Другой моцион В. В. Набокова[9]
У маленького Володи – тут, кажется, русский может автоматом подставить только одного Владимира, который Ульянов, – было прекрасное детство. Рай и его изгнание – это объясняет так же много, как в истории Адама, Евы и Лилит. Он стал певцом утраченного на одном пьедестале с Прустом. «Набоковские мячики под кроватью», прочел я давно у кого-то и – уже не могу вспомнить, у кого.

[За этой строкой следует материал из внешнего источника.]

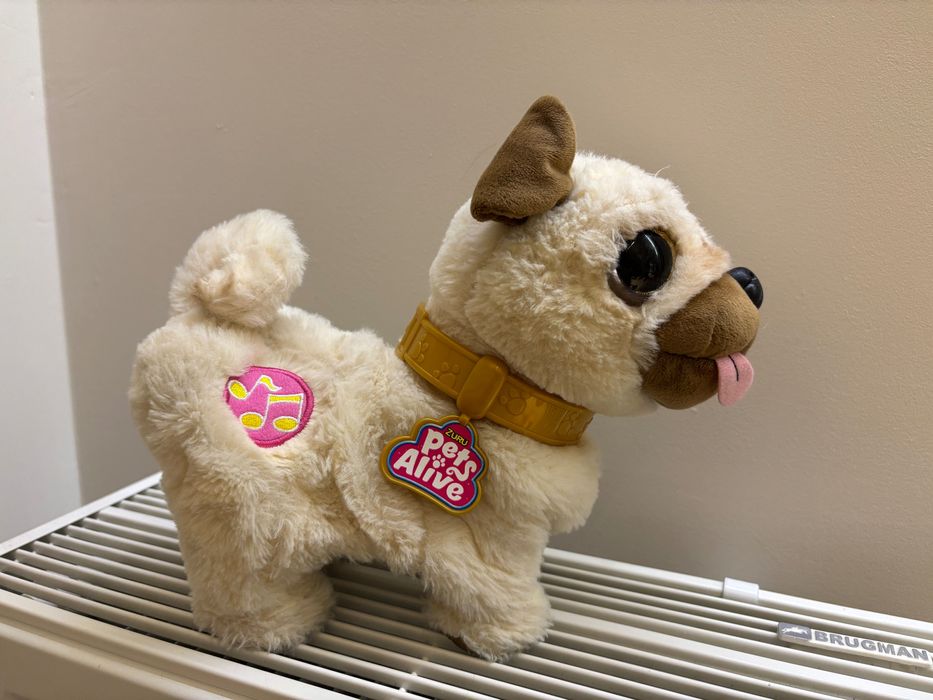 Zuru pets alive tańczący pies szczeniak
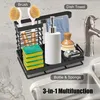 Spülbecken Organizer Küchen, Spüllappenhalter mit Produktbild-Vorschau 4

Это тоже симптоматично – если Ленин у Летова в знаковой песне разложился на плесень и липовый мед (а у Курёхина стал грибом – кто-нибудь уже подал грант на работу по ленинской флоре, фауне и микологии?[10]), то Набоков разошелся на архетипы, почти мемы. Честолюбивый донельзя, вряд ли он был бы против. Хотя, конечно, других таких же облил бы глазурью саркастических bons mots.
Дальше убийство прекрасного, библейского отца, и изгнания из родного дома, бегство из России – сюжеты ветхозаветные в том ключе, как переосмыслял их Байрон и другие романтики. Набоков, вооружившись вычурным даже для символистов псевдонимом Сирин, и реализует эту матрицу, полностью влезает в романтическую шинель – стихи, стихи. О которых до сих пор все вежливо спорят – графомания / нет, нравится / ок, не его, но талант плещется, гений проглядывает.
Предвоенный Берлин с женой-еврейкой, бедность, голод и литературные, интеллигентские (уроки и т.д.) заработки – volens nolens ли, но образ складывался сам по себе. Но мы бы знали его среди писателей-эмигрантов первой волны и второго-третьего ряда, если бы он не творил мифы сам. Эмиграция в Берлине (Париже, Праге и далее нигде) – в наших читательских мозгах сейчас во многом креатура его и Газданова, Бунина и Мережковских. Масляный асфальт берлинских улиц, запах картофельного супа, фонари, бедность и изысканность, русское и европейское (тоже тема билингвы Набокова и еще какая, зачавшая тему будущих изгнанников вроде перешедшего на английский Бродского и вообще весьма тема ХХ века) – видим ли мы, даже походив по ним, прошпекты и улочки Берлина сами или через набоковскую отчасти оптику?